%%

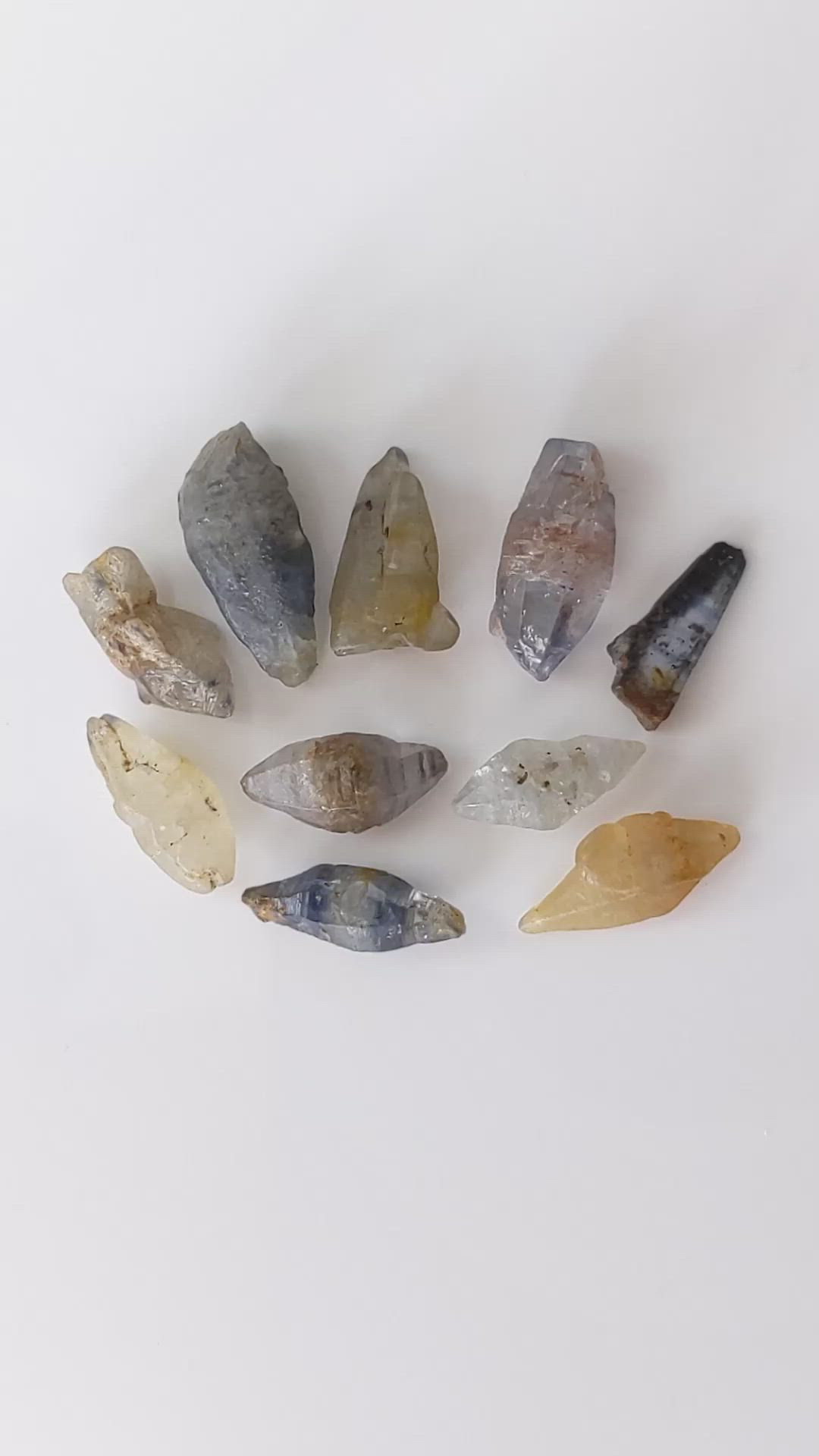 27.40 Ct. Multi Color Rough Sapphire from Ceylon (Sri Lanka) Size Video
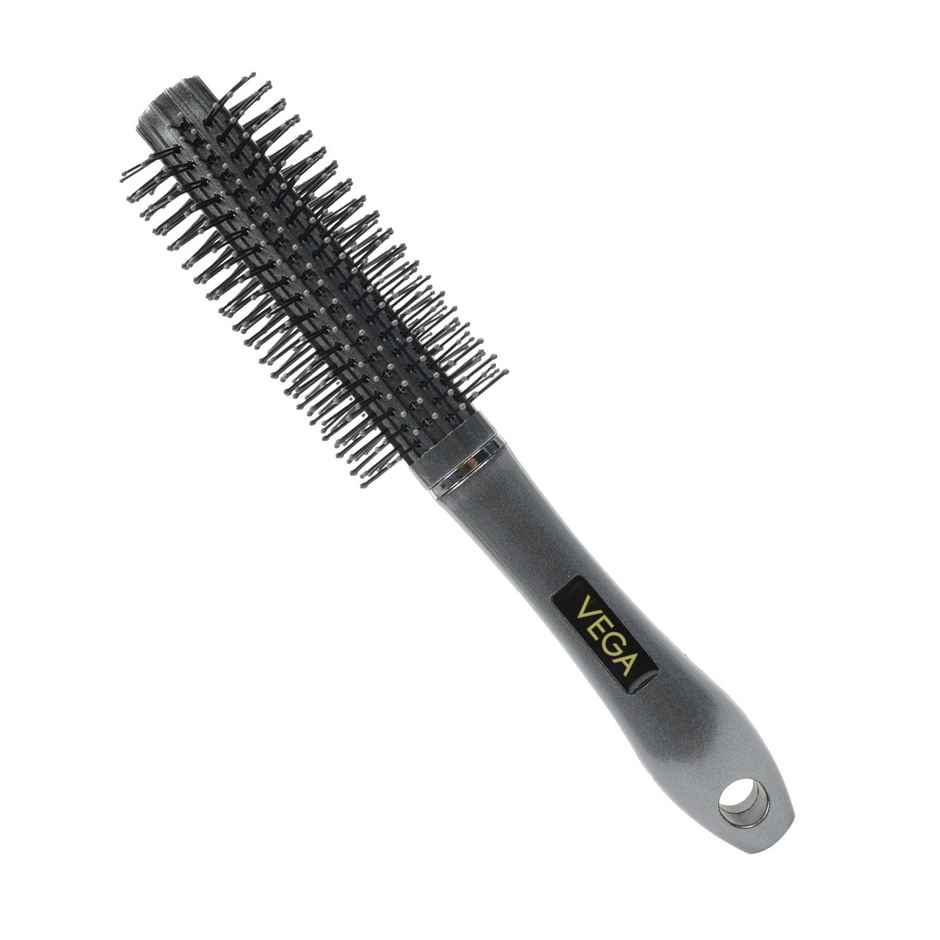 VEGA Round Hair Brush for Adding Curls| Volume and Waves in Hair| Men and Women| E10-RB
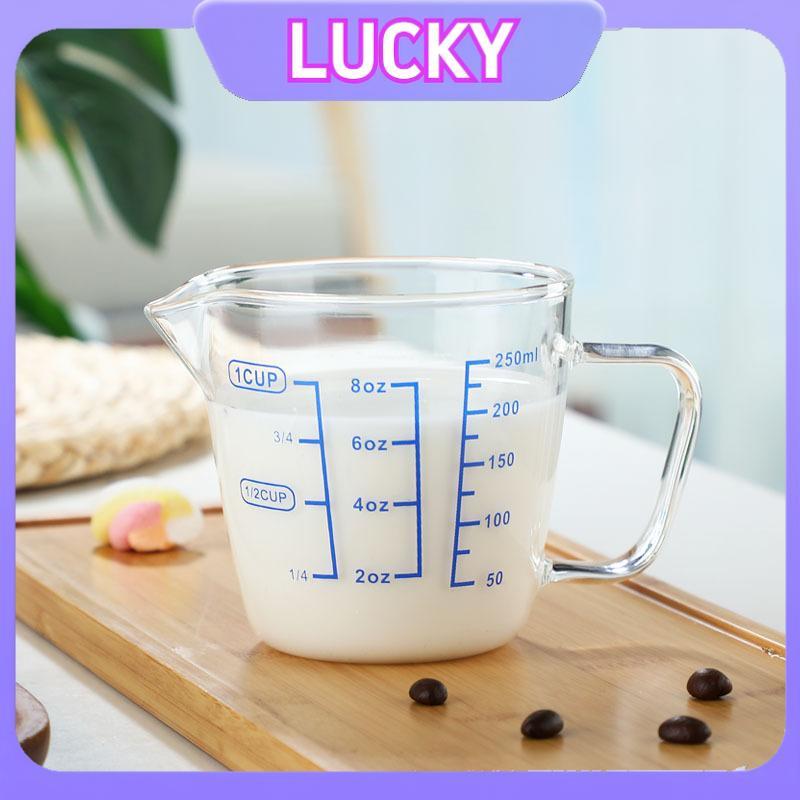 Durable Glass Measuring Cup High Borosilicate Scale Cup Microwave ...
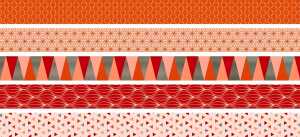 Deko Tapes Mini Triangle jede Rolle 3 m x 12 mm Papier-Tapes koralle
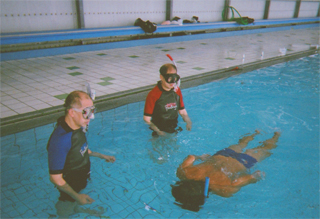 潜水の訓練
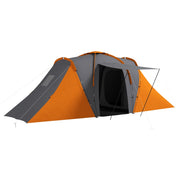 Tenda a Tunnel 4-6 Persone ¨C Xylo ¨C 2 Camere Soggiorno Impermeabile 2000mm Grigio Arancione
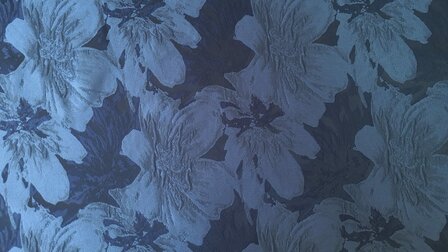 Jacquard Flower Blue/Navy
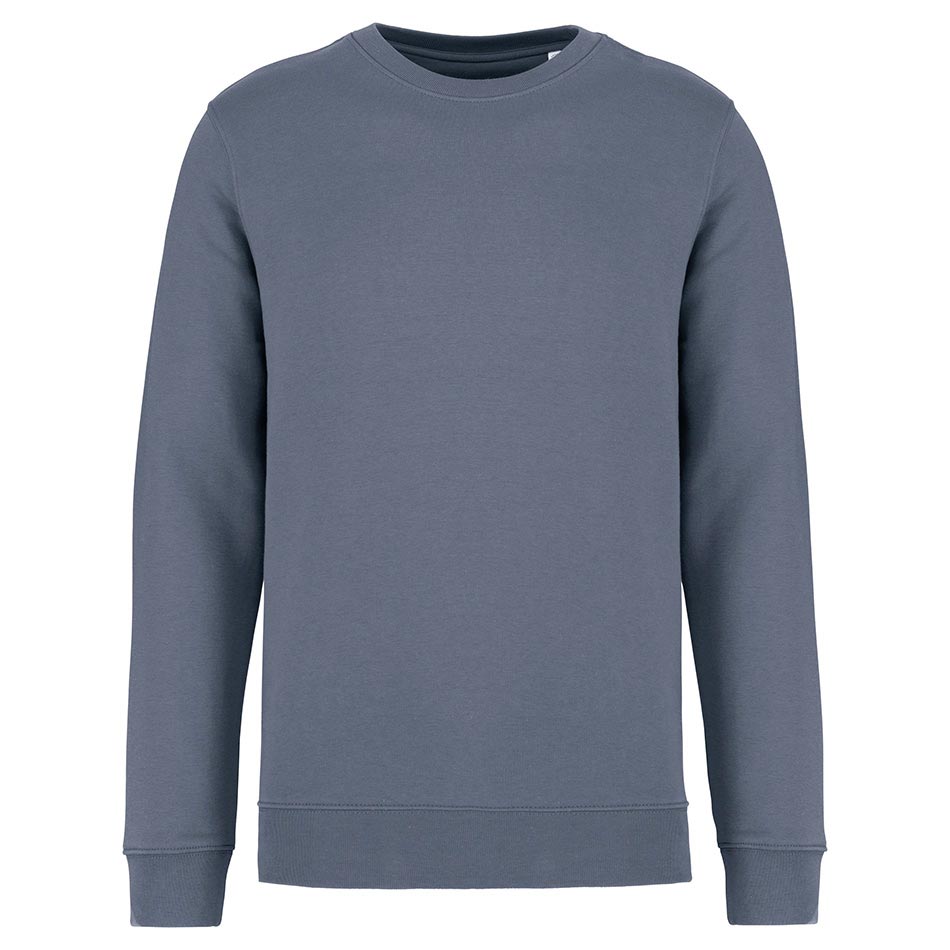 Pull personnalisé coton bio mineral-grey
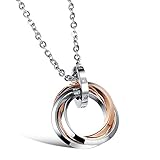 Photo Gallery lbrtmed anelli di collana di gioielli dsanbo ciondolo zirconia con donne in acciaio inossidabile a catena uomini di rosa-oro Photo Gallery lbrtmed anelli di collana di gioielli dsanbo ciondolo zirconia con donne in acciaio inossidabile a catena uomini di rosa-oro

%%

Your answer must be an exact copy of the records, with no pictures in it.

Response to this exercise:
 27.40 Ct. Multi Color Rough Sapphire from Ceylon (Sri Lanka) Size Video
 VEGA Round Hair Brush for Adding Curls| Volume and Waves in Hair| Men and Women| E10-RB
 Durable Glass Measuring Cup High Borosilicate Scale Cup Microwave ...
 Deko Tapes Mini Triangle jede Rolle 3 m x 12 mm Papier-Tapes koralle
 潜水の訓練
 Tenda a Tunnel 4-6 Persone ¨C Xylo ¨C 2 Camere Soggiorno Impermeabile 2000mm Grigio Arancione
 Jacquard Flower Blue/Navy
 Pull personnalisé coton bio mineral-grey
 Photo Gallery lbrtmed anelli di collana di gioielli dsanbo ciondolo zirconia con donne in acciaio inossidabile a catena uomini di rosa-oro Photo Gallery lbrtmed anelli di collana di gioielli dsanbo ciondolo zirconia con donne in acciaio inossidabile a catena uomini di rosa-oro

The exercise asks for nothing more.